• The task: Your answer must be an exact copy of the data below, minus any pictures.

• Dataset content:
<<<<
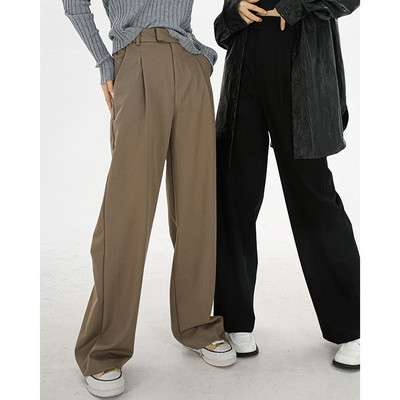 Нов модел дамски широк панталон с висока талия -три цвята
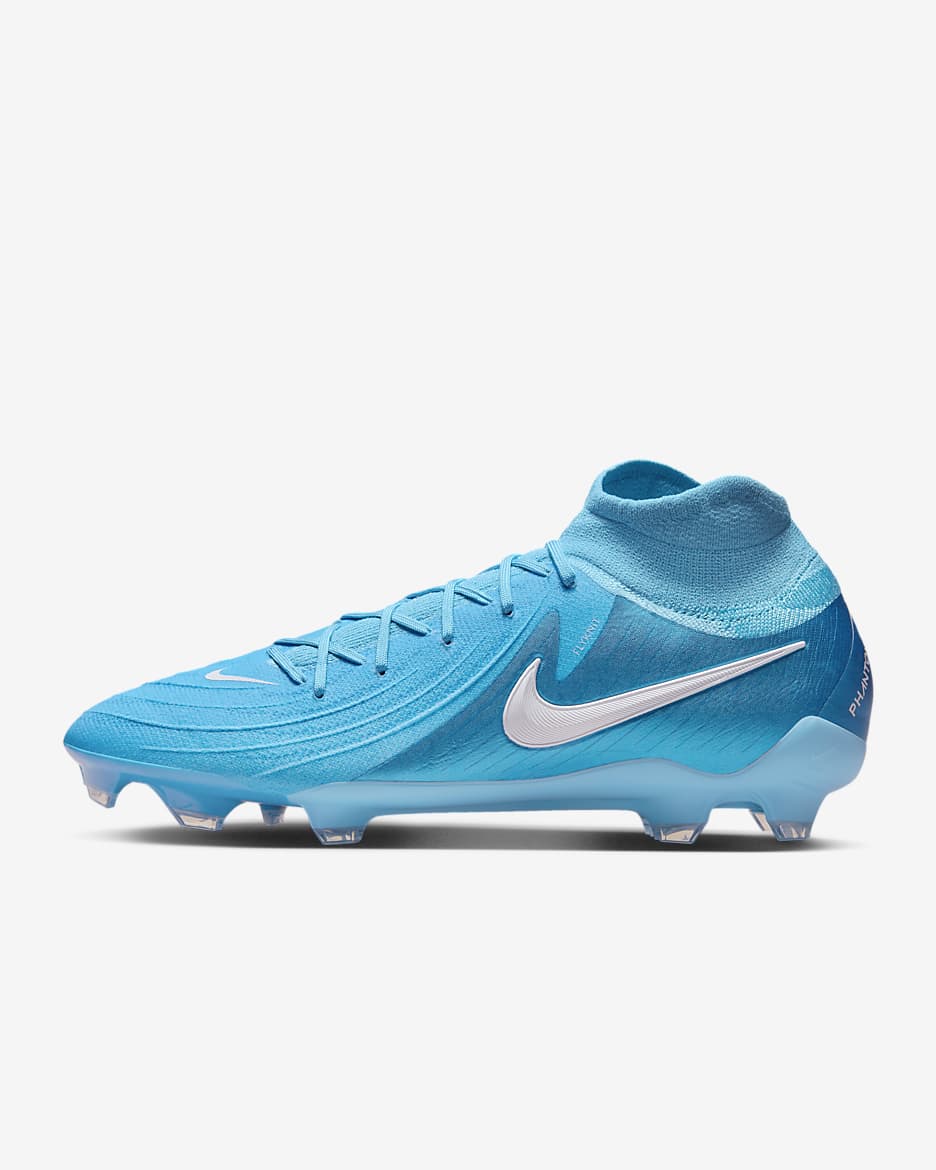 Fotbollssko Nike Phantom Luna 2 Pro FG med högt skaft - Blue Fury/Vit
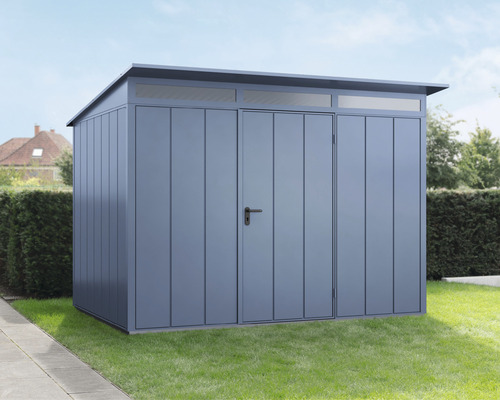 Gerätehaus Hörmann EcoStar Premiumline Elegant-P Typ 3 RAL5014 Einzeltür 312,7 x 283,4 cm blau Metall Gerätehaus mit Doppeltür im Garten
>>>>
• Response to this exercise:
 Нов модел дамски широк панталон с висока талия -три цвята
 Fotbollssko Nike Phantom Luna 2 Pro FG med högt skaft - Blue Fury/Vit
 Gerätehaus Hörmann EcoStar Premiumline Elegant-P Typ 3 RAL5014 Einzeltür 312,7 x 283,4 cm blau Metall Gerätehaus mit Doppeltür im Garten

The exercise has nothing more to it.